# Synthadoc demo content — released to the public domain (CC0). Factual summary for demonstration purposes.

The "First Draft of a Report on the EDVAC," written by John von Neumann in 1945, is one of the most consequential documents in the history of computing. It described, for the first time in systematic form, the architecture of a stored-program computer — a design so general and durable that variants of it still underlie virtually every general-purpose computing device built today.

## Background: EDVAC and the Moore School

The context for the First Draft was the Electronic Discrete Variable Automatic Computer (EDVAC), a successor to ENIAC being designed at the Moore School of Electrical Engineering at the University of Pennsylvania. John Mauchly and J. Presper Eckert had been working on the EDVAC concept since 1944, and von Neumann, a consultant to the project, distilled the design discussions into the First Draft in the spring of 1945.

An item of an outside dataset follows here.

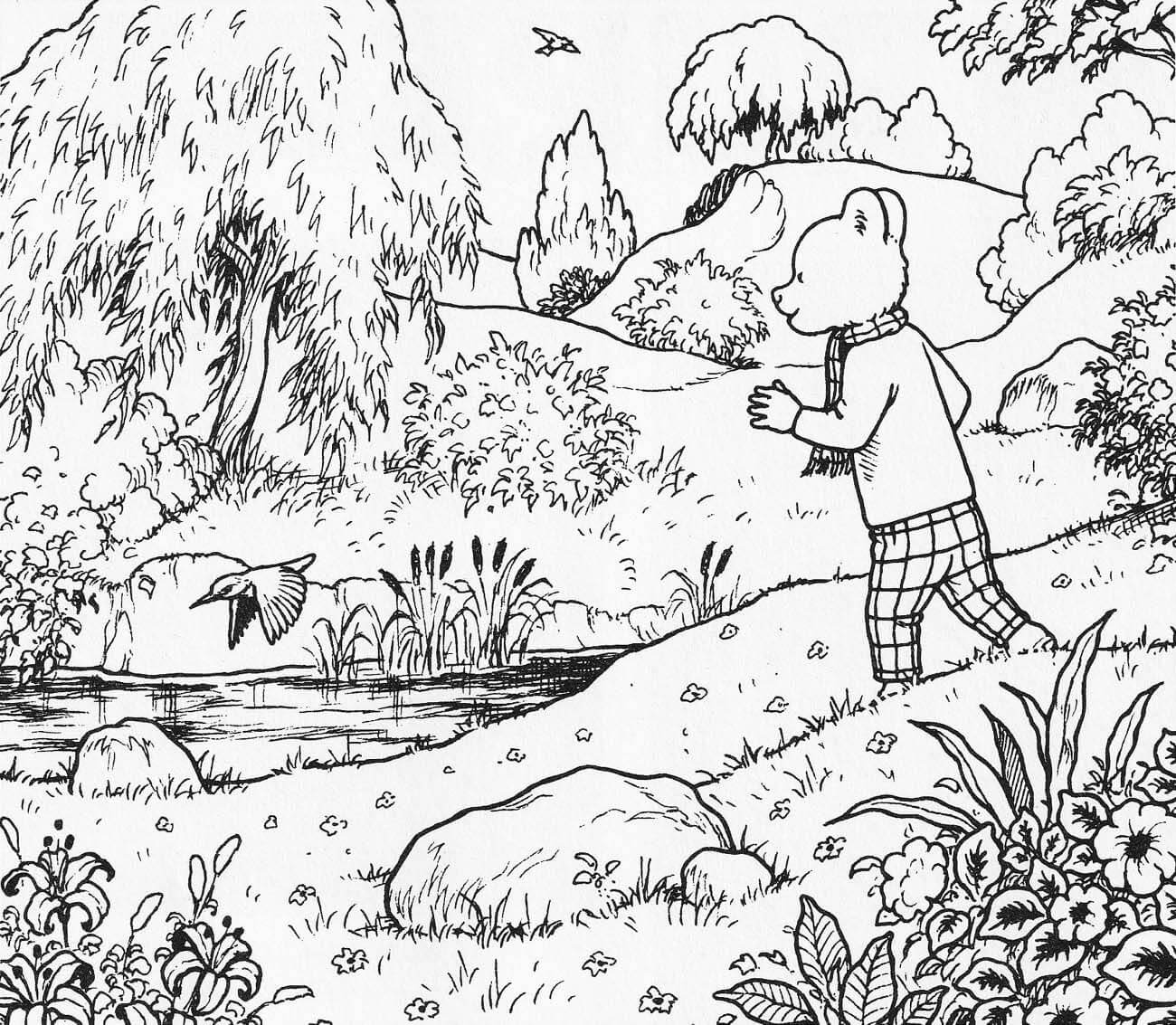 Dibujo de Oso Rupert Caminando para Colorear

The document was circulated internally and quickly spread among researchers, establishing what became known as the von Neumann architecture. The attribution to von Neumann alone has been disputed by Eckert and Mauchly and by subsequent historians, who point out that many of the ideas in the document came from collective discussions. Nevertheless, the term von Neumann architecture has persisted because the First Draft was the document that codified and propagated the design.

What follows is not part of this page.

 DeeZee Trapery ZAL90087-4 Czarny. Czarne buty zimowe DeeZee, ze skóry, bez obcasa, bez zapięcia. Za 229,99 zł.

## The Stored-Program Concept

The central insight of the von Neumann architecture is that both program instructions and data should be stored in the same memory, using the same binary representation. This seems obvious in retrospect but was a departure from earlier designs in which the program was external to the machine — encoded on patch cables, plug-boards, or paper tape that had to be physically reconfigured to change what the machine did.

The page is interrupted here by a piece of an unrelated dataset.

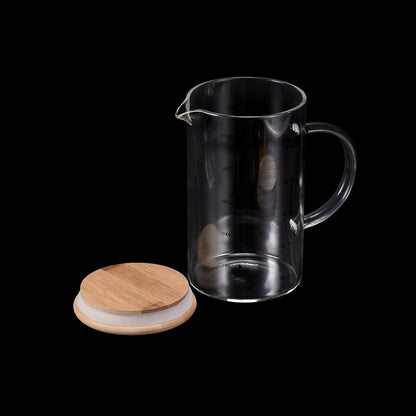 250ml Glass Measuring Cup, 3.3 Borosilicate Glass Graduated White Printed Scale Liquid Measure Cups Beaker with Wood Lid and V-Shaped Spout for Kitchen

With a stored program, a new program could be loaded into memory the same way data was loaded, without rewiring the machine. More profoundly, a program could treat its own instructions as data, modifying them during execution. This flexibility made general-purpose computing practically achievable.

## Architecture Components

The First Draft described a computer organised into five functional units:

**Memory** stores both instructions and data in a single address space, addressed by sequential numbers. Instructions and operands are fetched from memory by the control unit as needed.

**The Arithmetic Logic Unit (ALU)** performs the primitive operations: addition, subtraction, multiplication, division, and logical operations such as AND, OR, and NOT. The ALU operates on values retrieved from registers — small, fast storage locations within the CPU.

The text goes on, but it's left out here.